Channel 50 was one of my favorites because they showed old movies on weekends. We watched a lot of them. I don’t remember many in particular, just that we watched them when football wasn’t on. I was exposed early to Hepburn, Gable, Grable, Crosby, and Bogie and Bacall. One movie I was on the lookout for was ‘Casablanca’ as I’d not seen it and it had a great reputation as a terrific film. I had to see it. I HAD to see it to be a complete person. Well, at 14 that’s what I thought.
One week during the school year, I think it was in the spring but I wouldn’t bet on it, in looking at the TV guide I saw that ‘Casablanca; was going to be on TV during the weekend. Of course, that was a technicality, as it was coming on at 1 am, in the morning when it’s REALLY dark outside. That 1 am in the morning. After some haggling with my parents, I was granted special dispensation to stay up past Johnny Carson’s monologue and watch the movie. I was stoked. I was so excited.
I ended up quite disappointed. Not because I didn’t like or enjoy the movie, but because I fell asleep about 10 minutes in and woke up to ‘The End’ and the French National Anthem playing. My folks had a good laugh and I did as well. Later, that is. 
Fast forward around 10-11 years and I’d still not seen this great movie. I finally did when it came on American Movie Classics when it didn’t show commercials and really suck. Bob Dorian introduced the film, gave it some context and I got to watch it. Fell. In. Love. Wanted to watch it again, but didn’t tape it and at that time, it hadn’t been released on VHS. That came later, and when it did it was a gift from a co-worker. A high school girl I worked with at Shoney’s found out it was my favorite movie and was amazed I didn’t own a copy. She corrected that at Christmas. Totally surprised me, that gift.

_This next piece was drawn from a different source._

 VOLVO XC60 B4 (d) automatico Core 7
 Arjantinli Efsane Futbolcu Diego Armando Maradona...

I’ve bought it on DVD, and ended up with an extra copy when my mother-in-law died. I bought the 60th anniversary edition with bells and whistles. In all, I’ve probably watched Ilsa get on the plane at least a dozen times. Probably closer to two dozen times. As much as I might enjoy a movie, I can’t watch the same film over and over and over and over and over and over. I will admit to watching the rest of it if I happen to be channel surfing and stumble across it.

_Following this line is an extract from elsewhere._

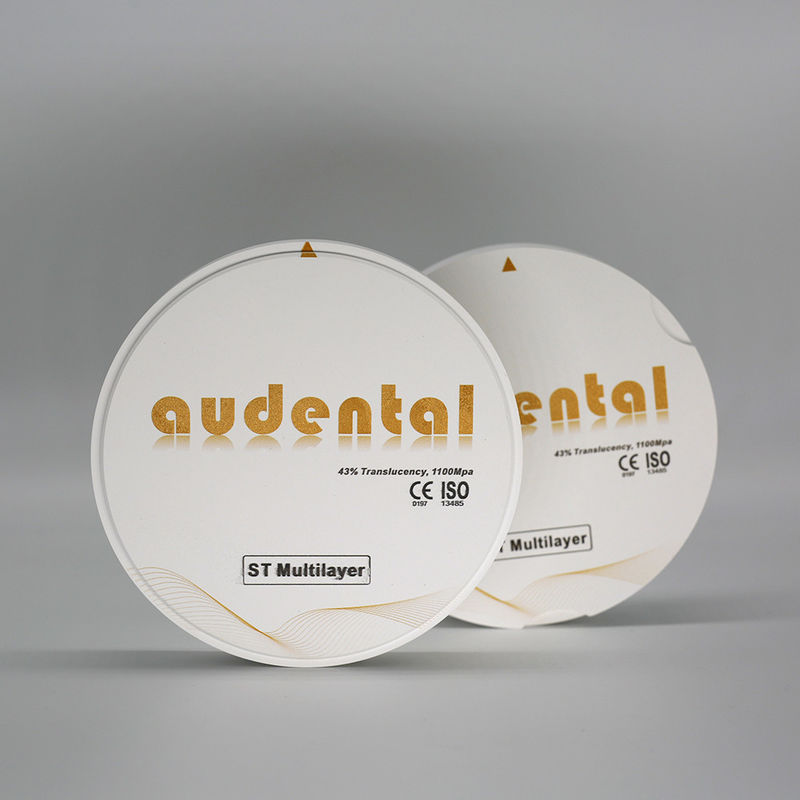46% Translucent ST-Plus Multilayer Zirconia Round Disc Block Smooth Vita 16 Schaduw voor tandheelkundige restauratie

This is the 70th year since its release in 1942. One way I’ve never seen the film was on the big screen, in a theater, with a room full of people. I don’t keep a bucket list as I find the term overused, but the idea of actually watching it in a theater has had appeal for a long time. Turner Classic Movies (which doesn’t show commercials during movies and therefore doesn’t suck!) arranged to show the film, fully restored in selected theaters across the country for one night only. March 21, 2012. When I saw this, I immediately checked and found out it was going to be in town. Here! Where I live!
It was amazing to behold at the theater. The last movie I’d seen in black ‘n white before this was a special screening of Dracula (with Bela Lagosi and a special film score composed and directed by Philip Glass) and before that, the classic Mel Brooks directed/written ‘Young Frankenstein’ which I saw during first release (yes, I’m that old).
What made it special was the group feel of watching the movie in a sold out theater. The lines that were delivered with wit and sarcasm were greeted with laughter. When watching at home alone or with my wife, I seldom would laugh. Smile, maybe but certainly not laugh. Knowing that others around were as into it as I was made it quite special. Watching this, one of my favorite movies ever, with my Elaine beside me made it wonderful.
I hope more classic movies get a theater showing in the near future. It was a great time and I really enjoyed myself. I also had a chance to recall the small thread this film has wound through my life.